Without including any pictures, write out the listing below exactly.
━━━ Supplied material
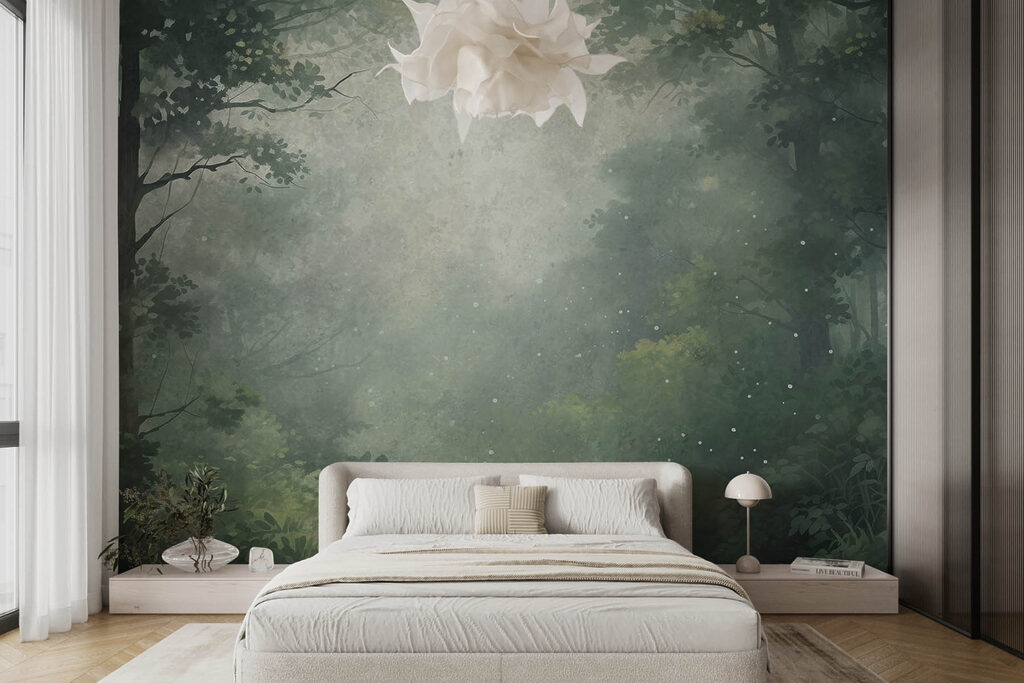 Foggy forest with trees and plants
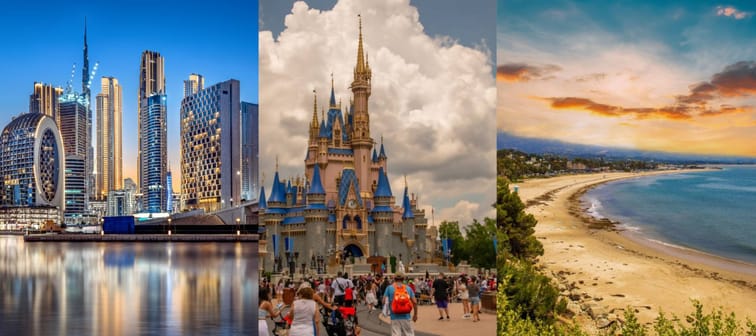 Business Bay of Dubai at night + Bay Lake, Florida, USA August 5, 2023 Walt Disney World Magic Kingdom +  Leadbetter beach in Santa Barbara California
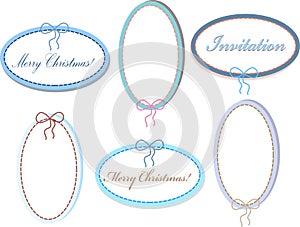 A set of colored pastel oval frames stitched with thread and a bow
━━━━━━
• **Output of the task**
 Foggy forest with trees and plants
 Business Bay of Dubai at night + Bay Lake, Florida, USA August 5, 2023 Walt Disney World Magic Kingdom +  Leadbetter beach in Santa Barbara California
 A set of colored pastel oval frames stitched with thread and a bow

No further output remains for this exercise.